DATASET
+ + + +

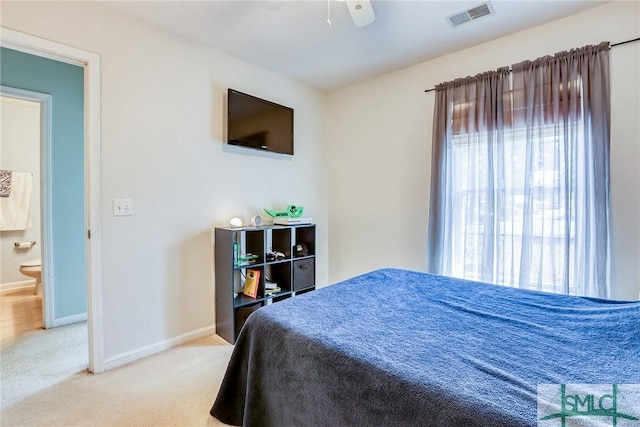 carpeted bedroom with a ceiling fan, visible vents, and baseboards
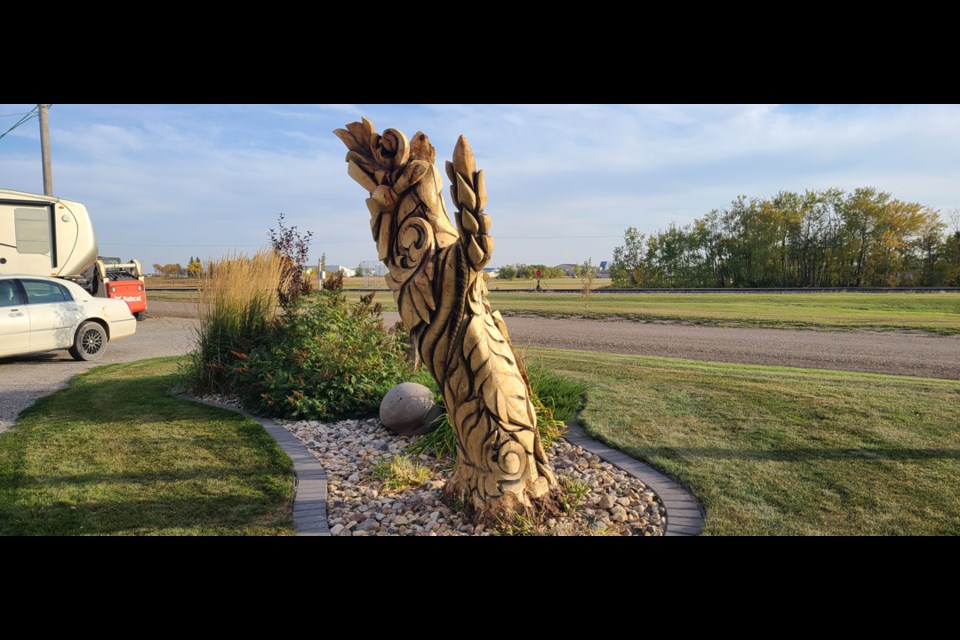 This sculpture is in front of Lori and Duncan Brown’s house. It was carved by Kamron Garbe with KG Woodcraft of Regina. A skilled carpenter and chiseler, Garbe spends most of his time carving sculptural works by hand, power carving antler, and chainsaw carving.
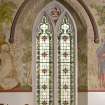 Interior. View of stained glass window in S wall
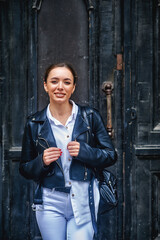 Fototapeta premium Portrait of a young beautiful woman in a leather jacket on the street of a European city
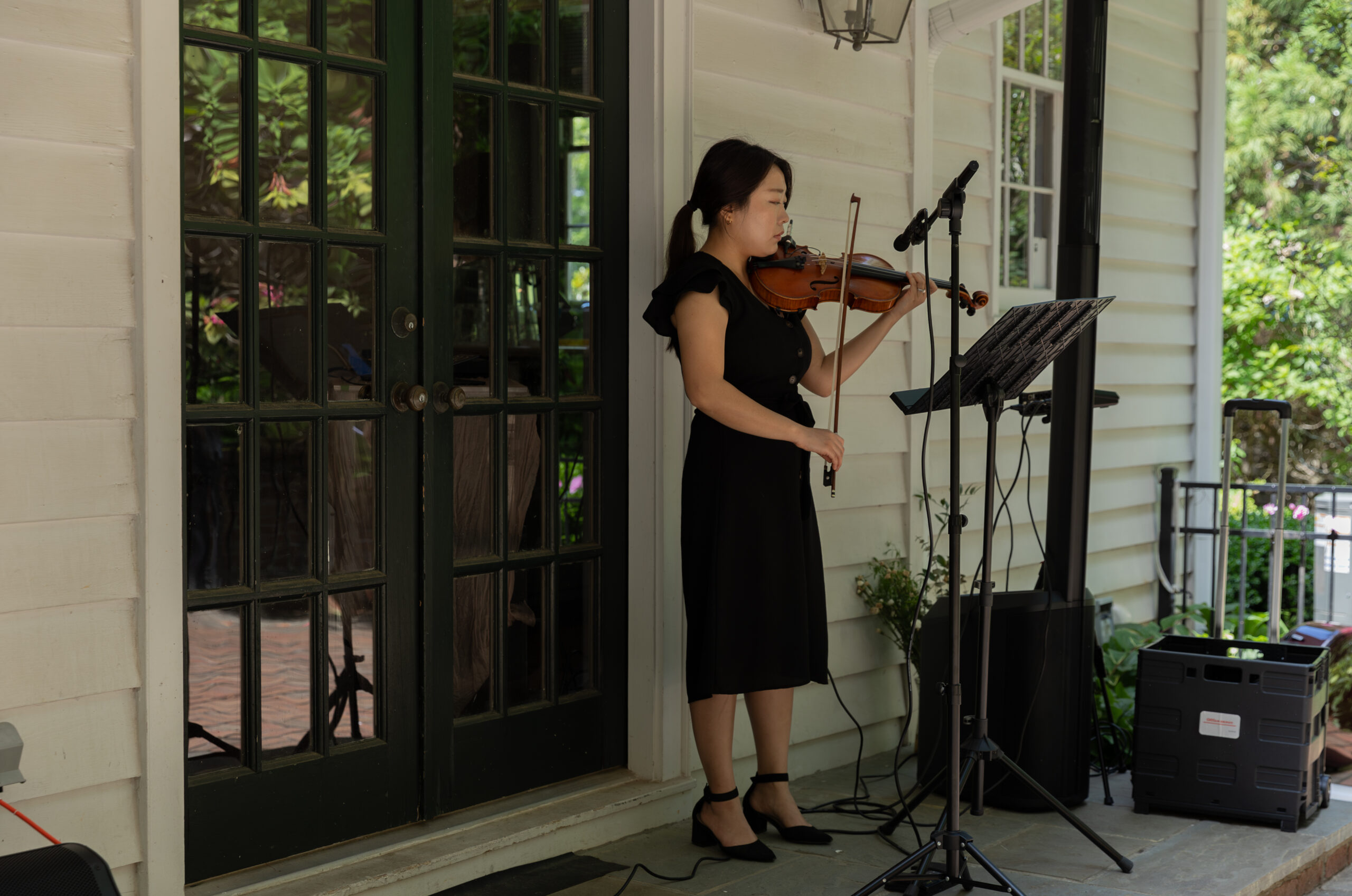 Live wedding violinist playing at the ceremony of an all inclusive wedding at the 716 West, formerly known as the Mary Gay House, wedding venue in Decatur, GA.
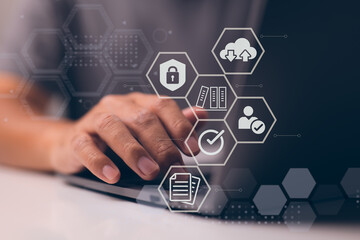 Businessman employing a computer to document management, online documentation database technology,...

+ + + +

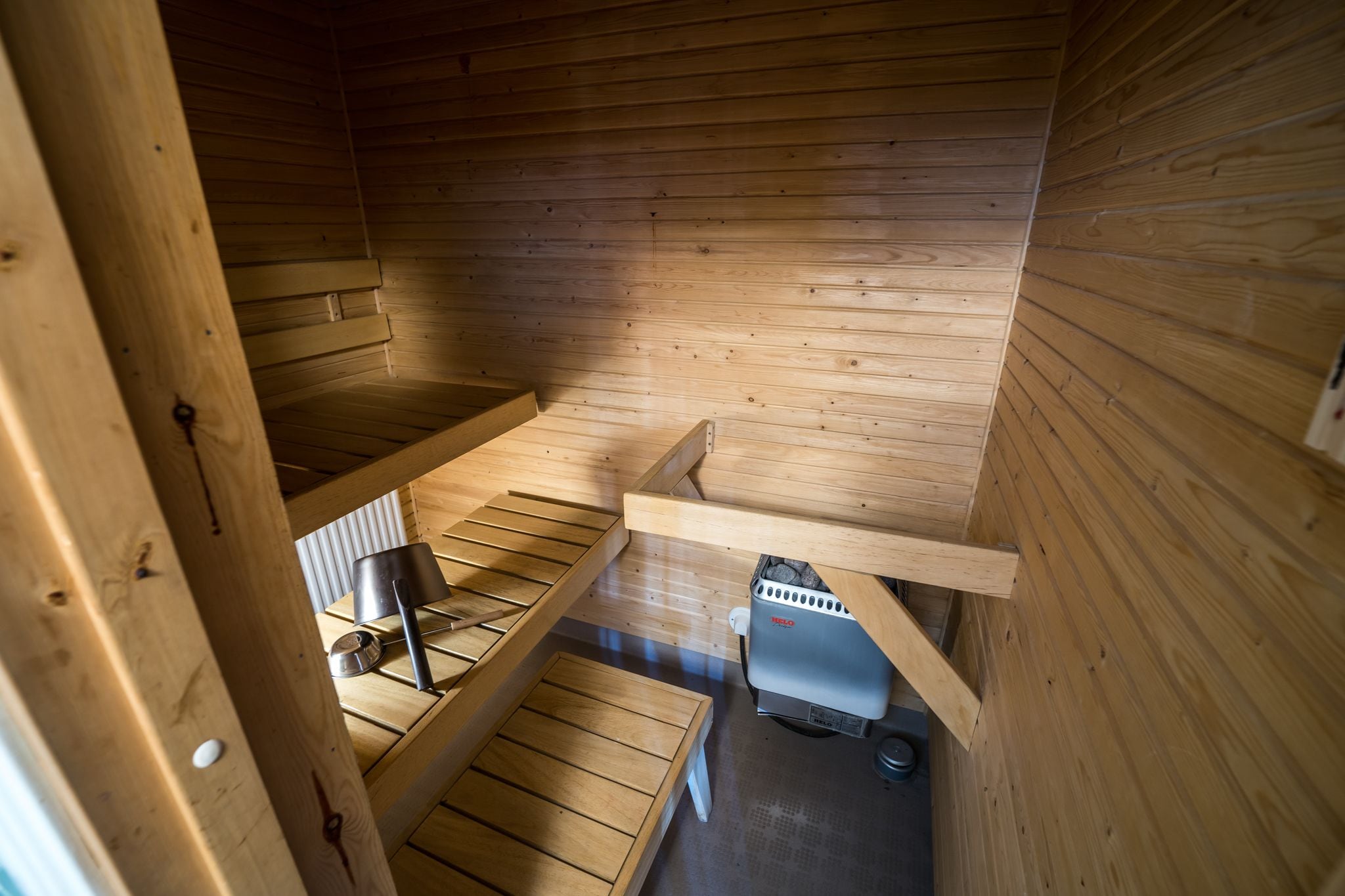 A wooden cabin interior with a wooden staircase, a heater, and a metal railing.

+ + + +

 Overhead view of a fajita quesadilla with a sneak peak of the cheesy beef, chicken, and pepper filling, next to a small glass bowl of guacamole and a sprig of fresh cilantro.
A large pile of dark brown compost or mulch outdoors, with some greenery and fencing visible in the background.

+ + + +

WHAT THE TASK REQUIRES
Leaving every picture aside, reproduce exactly the lines above from the one with "Fototapeta premium Portrait" up to and including the one with "Businessman employing a", and no others.

SOLUTION TO THE PROBLEM
 Fototapeta premium Portrait of a young beautiful woman in a leather jacket on the street of a European city
 Live wedding violinist playing at the ceremony of an all inclusive wedding at the 716 West, formerly known as the Mary Gay House, wedding venue in Decatur, GA.
 Businessman employing a computer to document management, online documentation database technology,...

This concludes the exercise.